(ENTRIES SUPPLIED Opens)

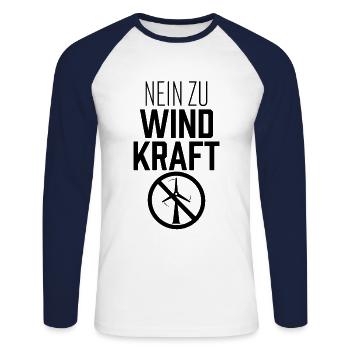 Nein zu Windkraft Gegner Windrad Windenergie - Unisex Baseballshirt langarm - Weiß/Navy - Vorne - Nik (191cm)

(ENTRIES SUPPLIED Closes)
(ENTRIES SUPPLIED Opens)

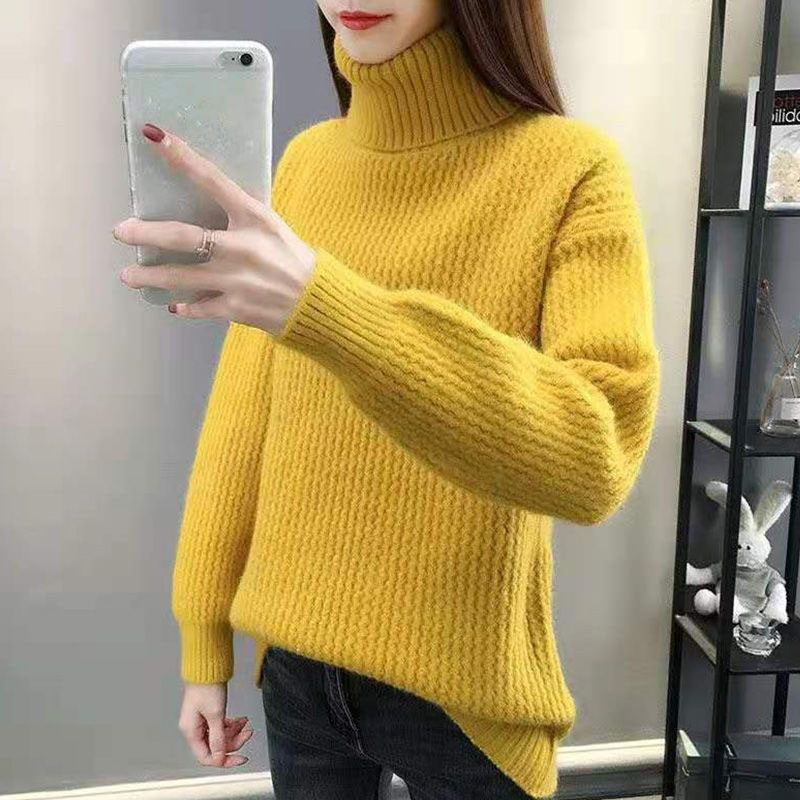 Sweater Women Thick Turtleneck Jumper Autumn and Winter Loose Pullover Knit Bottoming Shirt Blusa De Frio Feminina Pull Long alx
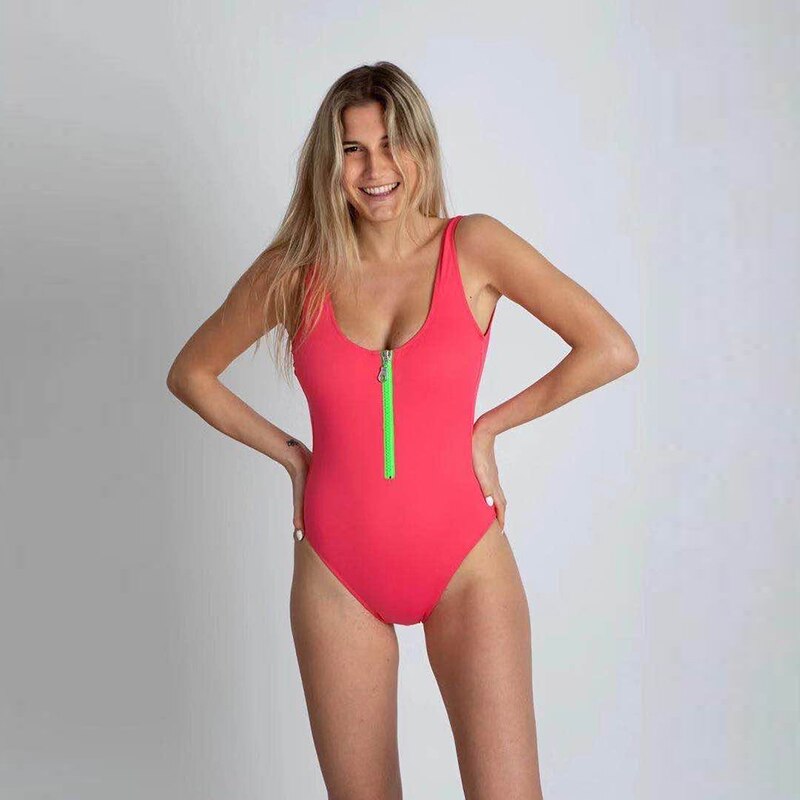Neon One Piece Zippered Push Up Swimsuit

(ENTRIES SUPPLIED Closes)
(ENTRIES SUPPLIED Opens)

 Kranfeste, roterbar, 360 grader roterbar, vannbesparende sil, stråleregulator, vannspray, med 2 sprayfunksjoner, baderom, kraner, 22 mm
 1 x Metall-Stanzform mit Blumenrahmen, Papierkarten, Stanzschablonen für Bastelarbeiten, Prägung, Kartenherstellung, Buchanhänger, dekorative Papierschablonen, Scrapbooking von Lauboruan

(ENTRIES SUPPLIED Closes)

● **WHAT NEEDS TO BE DONE**:
Please transcribe exactly the part of the records that opens with the line containing "Sweater Women Thick" and closes with the line containing "Neon One Piece Zippered Push Up Swimsuit", both ends included, and leave out the pictures.

● **RESPONSE FOR THIS EXERCISE**:
 Sweater Women Thick Turtleneck Jumper Autumn and Winter Loose Pullover Knit Bottoming Shirt Blusa De Frio Feminina Pull Long alx
Neon One Piece Zippered Push Up Swimsuit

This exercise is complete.